Town Meeting created a School Building/ Rehabilitation Committee (SBRC) in 2000.

===Dedham Storytellers===
In 2017, the Dedham Storytellers initiative was founded as a collaboration between students in Michael Mederios' history class at Dedham High School, the Dedham Rotary Club, the Dedham Historical Society, the Dedham Council on Aging, and the Dedham High School Alumni Association. Students interviewed senior citizens who grew up in Dedham over a series of three lunches and a trip to the Historical Society. They then wrote three essays: an autobiography, a biography of the senior citizen they interviewed, and an essay about how their lives compare to those who grew up in town generations earlier. In 2025, the fifth collection of essays, which is stored at the Historical Society, was produced.

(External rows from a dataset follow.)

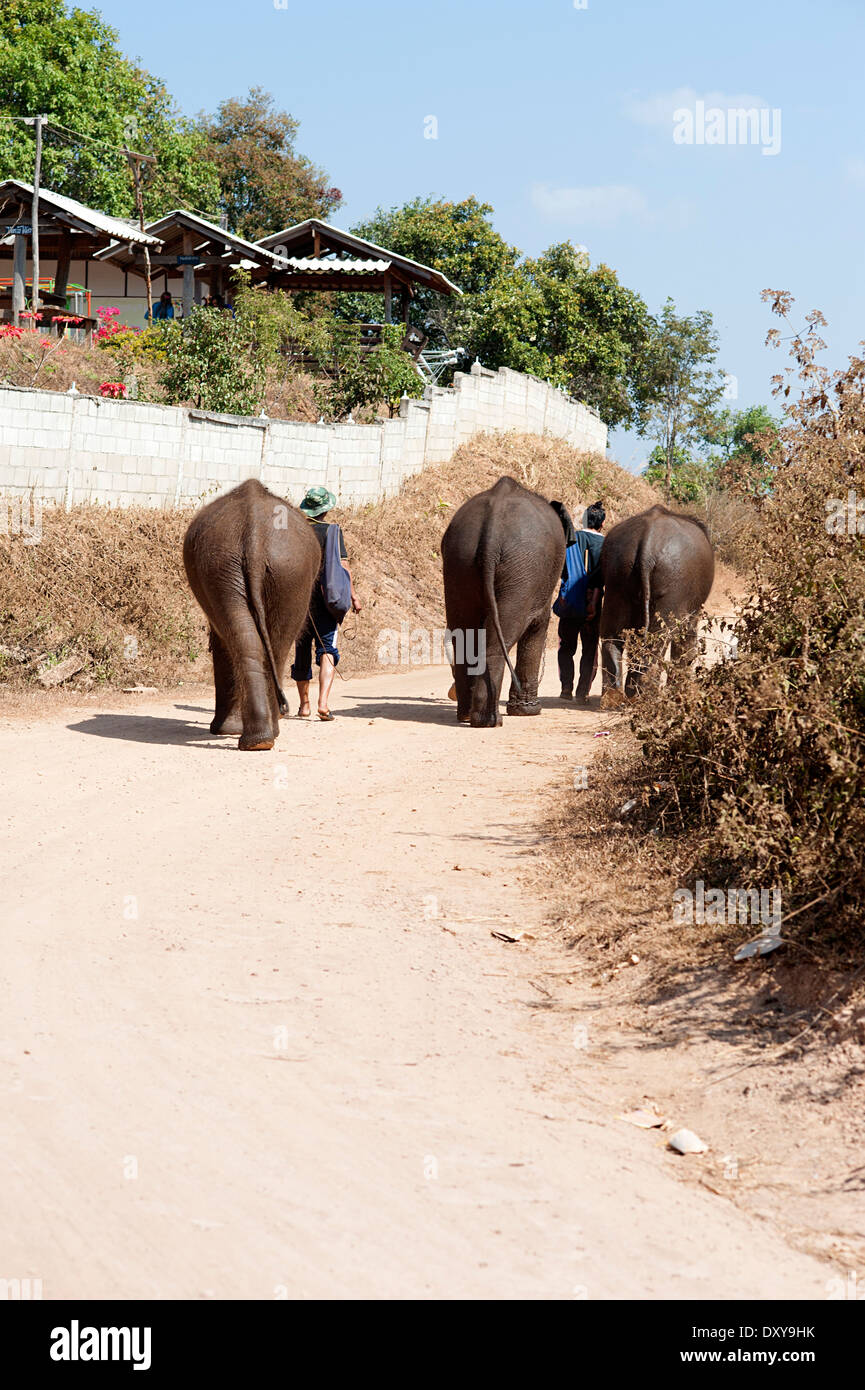 Tre giovani elefanti ed i loro mahouts a piedi sulla strada in Huay Pakoot villaggio nel nord della Thailandia. Foto Stock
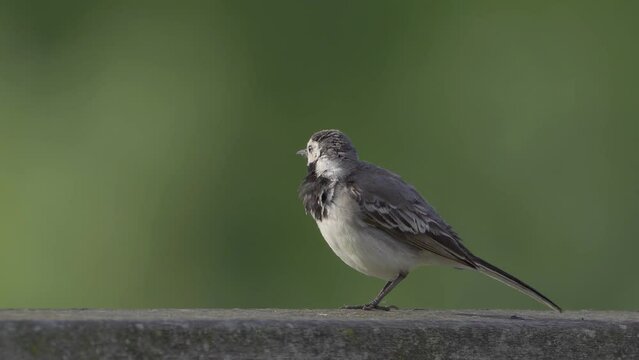 White Wagtail - Motacilla alba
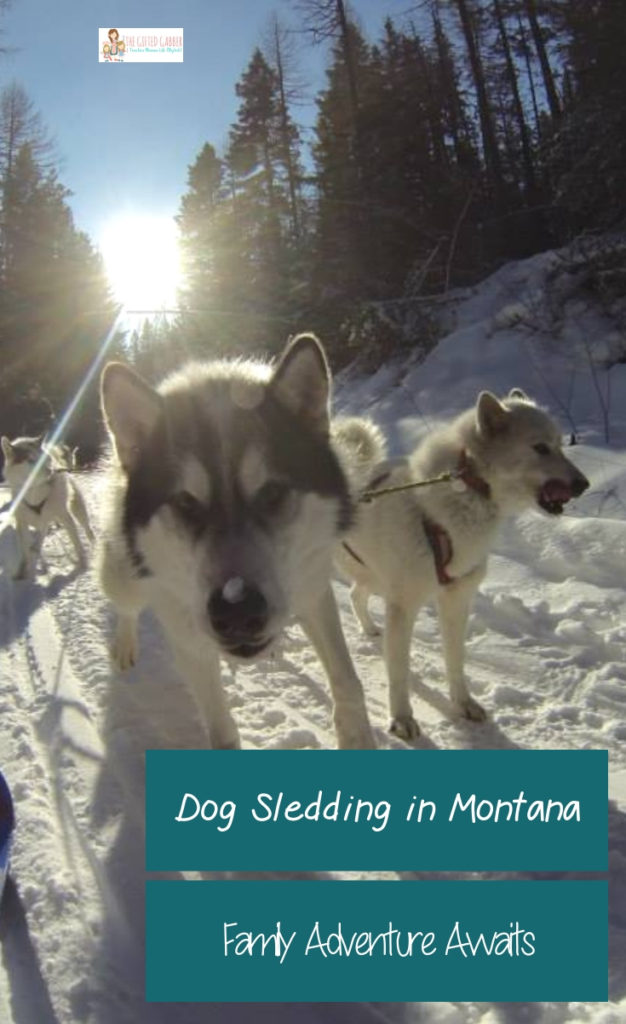 Check something off your winter bucket list! Plan an unforgettable dog sledding trip in Montana! Dog mushing with Siberian huskies is a fun adventure, but there are things to consider. Plan your dog sledding outfit carefully! Consider whether this is a trip for kids or not. Consider time frames. Take tips from an insider - a dog musher in Montana! #winter #montana #dogsledding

===Dedham Middle School===

In 2006 the new Dedham Middle School was opened next door to the existing Dedham Middle School, which previously served as Dedham High School from 1915 to 1959. The 130,000 sqft Certified Green School cost $22,353,209. The 1847 Charles and Mary Brown House, which was then being used as the school administration's offices, had to be razed to make room for it.

===Avery School===

In 2012 a new 61,000 sqft Avery Elementary School was opened at a cost of $19,285,949. Like, the Middle School, it was designed by the firm of Dore and Whittier.

The old Avery School became the Mother Brook Arts & Community Center.

===Early Childhood Education Center===
In 2015, the SBRC was considering where to build a new Early Childhood Education Center. The 2016 Annual Town Meeting spent two hours debating the construction of a new, stand-alone Early Childhood Education Center at the Dexter School. Despite a split vote of the School Building/ Rehabilitation Committee, and only one of the nine members of the Finance and Warrant Committee speaking in favor of it, the $18.9 million proposal passed with broad support. It was the first pre-school and kindergarten facility in the state financed with money from the state.

===Oakdale School===
In June 2023, the School Committee approved plans to shutter the Greenlodge School and merge it with the Oakdale School despite significant opposition to the project. On March 20, 2024, the School Committee reversed course after a public survey showed 81% respondents supported a standalone Oakdale, and only 9% supported a combined Oakdale-Greenlodge and a similar number supported a combined Oakdale-Riverdale. (Note: Of the 647 respondents, 59 preferred a combined Oakdale-Riverdale, 62 supported a combined Oakdale-Greenlodge, and 525 were in favor of a standalone Oakdale.)

In February 2025, voters rejected a proposal to tear down the existing school and build a new school on Madison Street.

===Riverdale School===
On August 29 and 30, 2023, the Active Transportation Working Group led a group in painting a mural on Needham Street outside the Riverdale School. The goal of the mural, which depicts rubber ducks floating down the nearby Charles River, was to slow down traffic near the school to improve safety. The image, which is an homage to the local Rotary Club's fundraiser, is expected to last between six months and two years. It was designed by Kate Bergeron and Jaimie Varasconi.

===Ursuline Academy===
On October 18, 2024, a mass was held in the gymnasium at Ursuline Academy to mark the transfer of sponsorship from the Ursuline Sisters to the Ursuline Education Foundation, a lay-led organization. During the mass, a silver ciborium was transferred from Sister Elisa Ryan, the prioress of the Ursuline Sisters of the Central Province, to Kate Levesque, the head of school.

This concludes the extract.